# cannondale CAAD9 6 weight???



## maqsuntzu (Jan 20, 2009)

anyone knows the weight of the bike, frame with fork?

thanks


----------



## RoadBikeVirgin (Nov 21, 2008)

maqsuntzu said:


> anyone knows the weight of the bike, frame with fork?
> 
> thanks


From what I've read, the non-BB30 CAAD9 frame and fork together weigh 1350 grams - I believe that's the quoted weight for the 54cm frame.


----------



## piercebrew (Aug 6, 2004)

RoadBikeVirgin said:


> From what I've read, the non-BB30 CAAD9 frame and fork together weigh 1350 grams - I believe that's the quoted weight for the 54cm frame.


That sounds a bit optimistic with the stock fork. Since people are always saying what a pig the fork is around 500g.


----------



## RoadBikeVirgin (Nov 21, 2008)

piercebrew said:


> That sounds a bit optimistic with the stock fork. Since people are always saying what a pig the fork is around 500g.


Quite possibly - I got the number from bicycling magazine a few months ago when they were reviewing the CAAD9 7. They tested the 54cm so I figured that was the weight they were quoting, but I suppose that could have been for the 48cm 

-Chris


----------



## wankski (Jul 24, 2005)

i think 1350g is about right for the frame only - possibly w/ HS cups installed.

fork(ultra) is around 560-70g


----------



## georgewerr (Mar 4, 2009)

When I bought my first Cannondale road bike in 1993, Cannondale was advertising that the 2.8 frame was 2.8 pounds, 1350g = 3 pounds I'm sure there weights have come down. Did they lie about the weight back then?

George


----------



## slim0861 (May 12, 2007)

My 58cm frame weights around 1200g. The fork is closer to 600 than 500, and that includes cutting it as low as possible. 1350 does sound a little optimistic for frame/fork/HS.


----------



## RoadBikeVirgin (Nov 21, 2008)

slim0861 said:


> My 58cm frame weights around 1200g. The fork is closer to 600 than 500, and that includes cutting it as low as possible. 1350 does sound a little optimistic for frame/fork/HS.


Well the source WAS Bicycling Magazine


----------



## slim0861 (May 12, 2007)

RoadBikeVirgin said:


> Well the source WAS Bicycling Magazine


Whom I've never seen a bad review from.


----------



## wankski (Jul 24, 2005)

ok, i checked - the velonews 2006 frame test lists the caad9 frame only as 3.03lbs for the size 56cm ~ 1350g.


----------



## RoadBikeVirgin (Nov 21, 2008)

wankski said:


> ok, i checked - the velonews 2006 frame test lists the caad9 frame only as 3.03lbs for the size 56cm ~ 1350g.

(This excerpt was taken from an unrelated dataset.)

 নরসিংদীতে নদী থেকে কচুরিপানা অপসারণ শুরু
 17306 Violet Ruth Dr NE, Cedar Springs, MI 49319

You mean Bicycling Magazine skewed the figures?? No way!  

And by the way, I officially stand corrected. That's what I get for listening to those yayhoos


----------



## djconnel (May 7, 2006)

Old thread, but Tour Magazine in their 2007 test had the CAAD9 56 cm @ 

1305 grams frame
450 grams fork
72 grams headset
1827 grams total

Of the Al frames tested, only the Mazzuolo Merida was lighter (1272 grams).

In comparison, the Giant TCR Advanced carbon frame was 1259 grams, only 46 grams lighter (although many other carbon frames were around 1000 grams).


----------